→ Information

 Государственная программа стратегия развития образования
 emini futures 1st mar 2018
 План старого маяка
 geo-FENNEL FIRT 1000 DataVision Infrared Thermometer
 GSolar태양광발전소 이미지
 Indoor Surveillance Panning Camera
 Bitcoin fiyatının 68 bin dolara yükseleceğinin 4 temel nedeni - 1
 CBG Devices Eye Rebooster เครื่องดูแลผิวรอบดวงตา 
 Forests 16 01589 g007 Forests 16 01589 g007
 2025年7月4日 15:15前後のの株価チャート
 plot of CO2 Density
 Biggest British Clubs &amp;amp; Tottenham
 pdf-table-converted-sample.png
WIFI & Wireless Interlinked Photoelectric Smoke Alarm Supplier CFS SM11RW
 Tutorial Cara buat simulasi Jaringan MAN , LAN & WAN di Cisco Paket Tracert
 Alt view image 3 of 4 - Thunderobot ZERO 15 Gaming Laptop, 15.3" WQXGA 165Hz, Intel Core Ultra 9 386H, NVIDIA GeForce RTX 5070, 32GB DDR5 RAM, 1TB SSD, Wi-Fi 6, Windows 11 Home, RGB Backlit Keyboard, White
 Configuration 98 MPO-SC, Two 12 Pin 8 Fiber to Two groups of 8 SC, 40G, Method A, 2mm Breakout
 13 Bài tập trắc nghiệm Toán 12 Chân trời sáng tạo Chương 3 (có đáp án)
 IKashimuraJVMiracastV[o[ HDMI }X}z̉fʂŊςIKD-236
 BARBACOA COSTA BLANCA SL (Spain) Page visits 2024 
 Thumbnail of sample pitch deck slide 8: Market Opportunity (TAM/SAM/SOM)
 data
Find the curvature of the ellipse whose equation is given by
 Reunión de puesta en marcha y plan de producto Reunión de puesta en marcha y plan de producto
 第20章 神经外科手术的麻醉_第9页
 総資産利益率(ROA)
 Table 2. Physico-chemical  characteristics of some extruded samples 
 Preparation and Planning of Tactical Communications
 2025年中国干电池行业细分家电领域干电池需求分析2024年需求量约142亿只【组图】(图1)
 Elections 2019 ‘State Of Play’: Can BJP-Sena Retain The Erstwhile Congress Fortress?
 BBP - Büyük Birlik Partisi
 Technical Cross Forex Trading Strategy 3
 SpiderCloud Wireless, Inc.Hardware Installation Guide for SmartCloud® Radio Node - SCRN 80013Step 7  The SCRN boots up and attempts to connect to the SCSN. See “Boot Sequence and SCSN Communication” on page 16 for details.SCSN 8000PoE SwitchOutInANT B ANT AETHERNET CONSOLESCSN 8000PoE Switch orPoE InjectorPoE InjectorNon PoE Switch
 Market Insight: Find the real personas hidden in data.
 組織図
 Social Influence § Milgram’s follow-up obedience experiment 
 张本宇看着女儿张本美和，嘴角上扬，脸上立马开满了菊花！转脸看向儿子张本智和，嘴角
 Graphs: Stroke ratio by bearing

→ Task directions
All lines in the listing above between the line with "pdf-table-converted-sample.png" and the line with "Tutorial Cara buat", inclusive, should be set down exactly, and no line outside that range.

→ Completed exercise
 pdf-table-converted-sample.png
WIFI & Wireless Interlinked Photoelectric Smoke Alarm Supplier CFS SM11RW
 Tutorial Cara buat simulasi Jaringan MAN , LAN & WAN di Cisco Paket Tracert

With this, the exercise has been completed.